---- MATERIAL FOR THE TASK
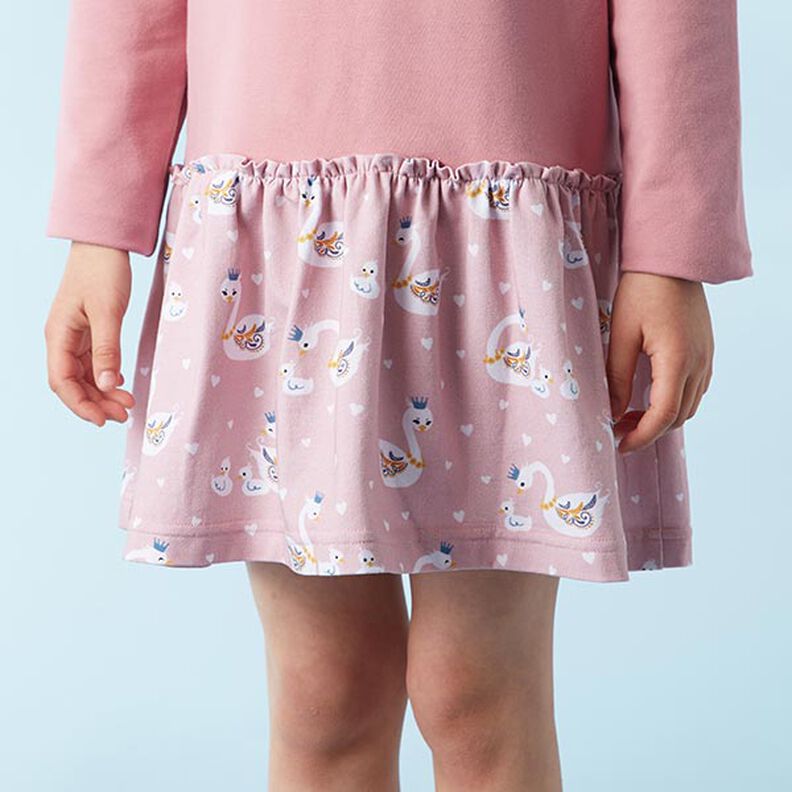 L&auml;tt french terry enf&auml;rgad &ndash; m&ouml;rk gammalrosa,  image number 7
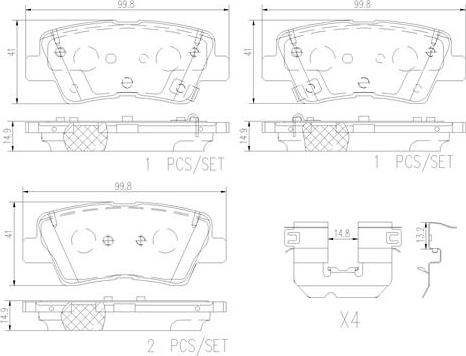 Brembo P30103N - Bremžu uzliku kompl., Disku bremzes www.autospares.lv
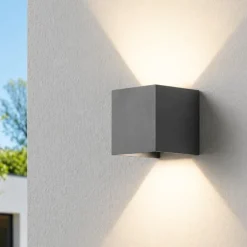 Applique Da Esterno-IsyLuce Applique cubo led 6w 3000k antracite per esterno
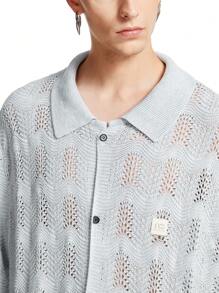 Manfinity VCAY Men Hollow-Out Short Sleeve Knitted Top - Grey - View 5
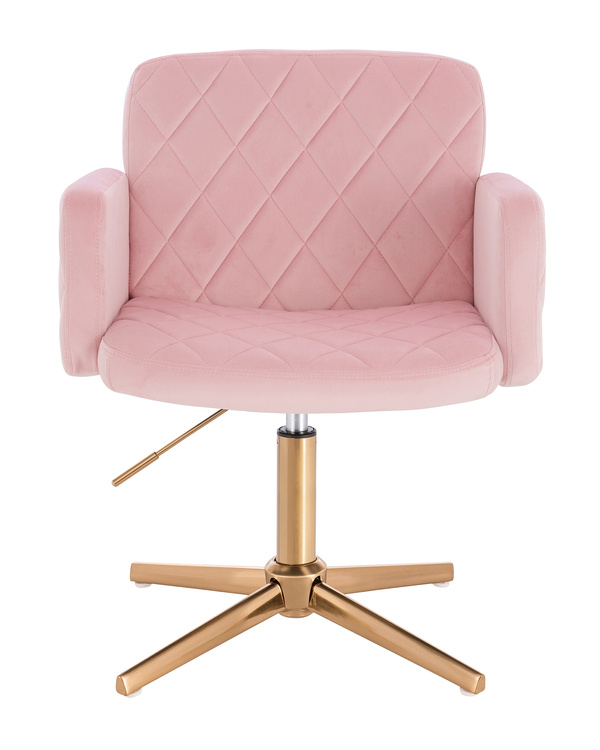 FOTEL HR802CROSS PUDROWY RÓŻ WELUR ZŁOTA PODSTAWA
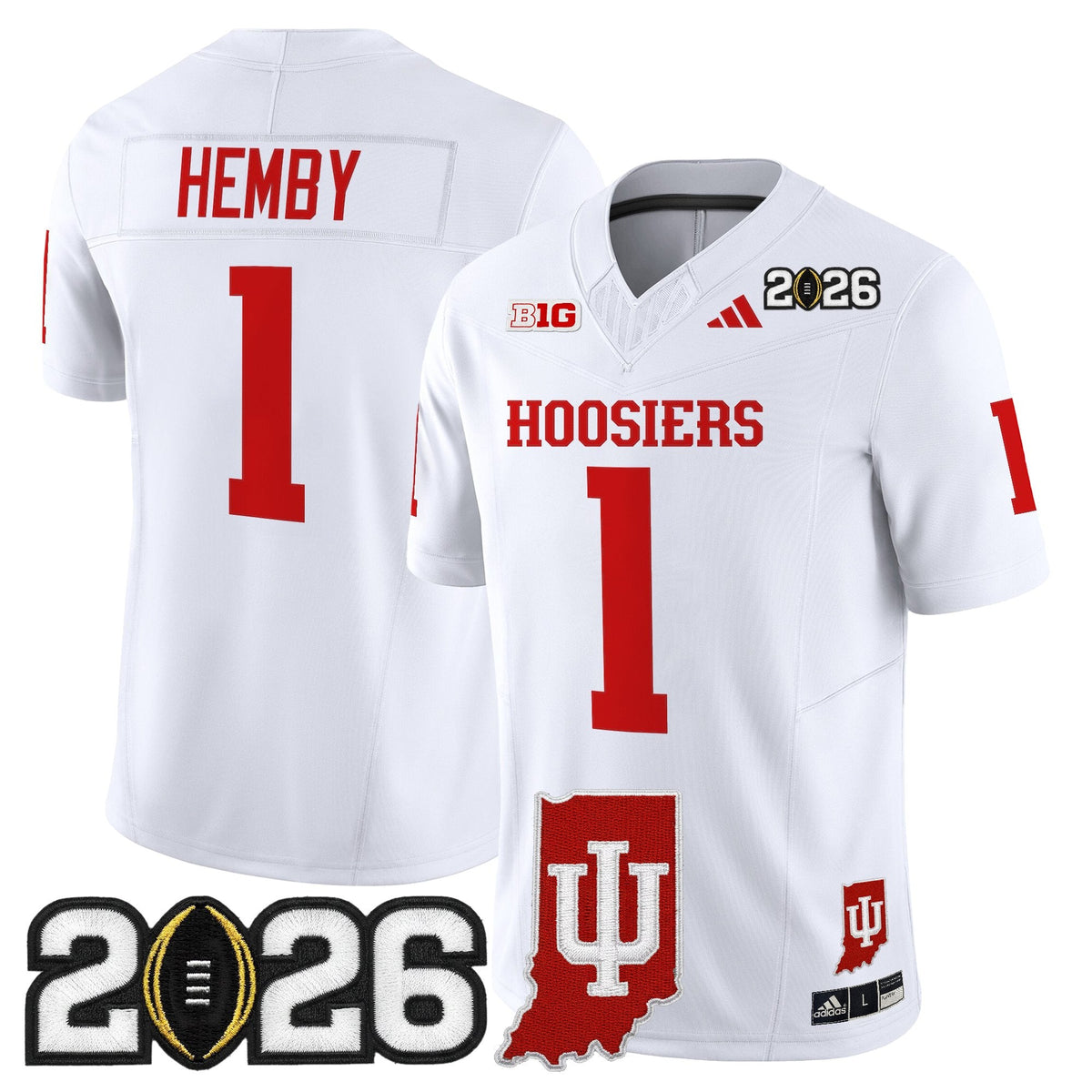 Men's Indiana Hoosiers 2026 CFP Final & Indiana State Patch Vapor Limited Jersey - All Stitched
--------
### TASK TO COMPLETE
Give the data above again exactly. Leave the pictures out.

### ANSWER TO THE PROBLEM
 L&auml;tt french terry enf&auml;rgad &ndash; m&ouml;rk gammalrosa,  image number 7
 Brembo P30103N - Bremžu uzliku kompl., Disku bremzes www.autospares.lv
 Applique Da Esterno-IsyLuce Applique cubo led 6w 3000k antracite per esterno
 Manfinity VCAY Men Hollow-Out Short Sleeve Knitted Top - Grey - View 5
 FOTEL HR802CROSS PUDROWY RÓŻ WELUR ZŁOTA PODSTAWA
 Men's Indiana Hoosiers 2026 CFP Final & Indiana State Patch Vapor Limited Jersey - All Stitched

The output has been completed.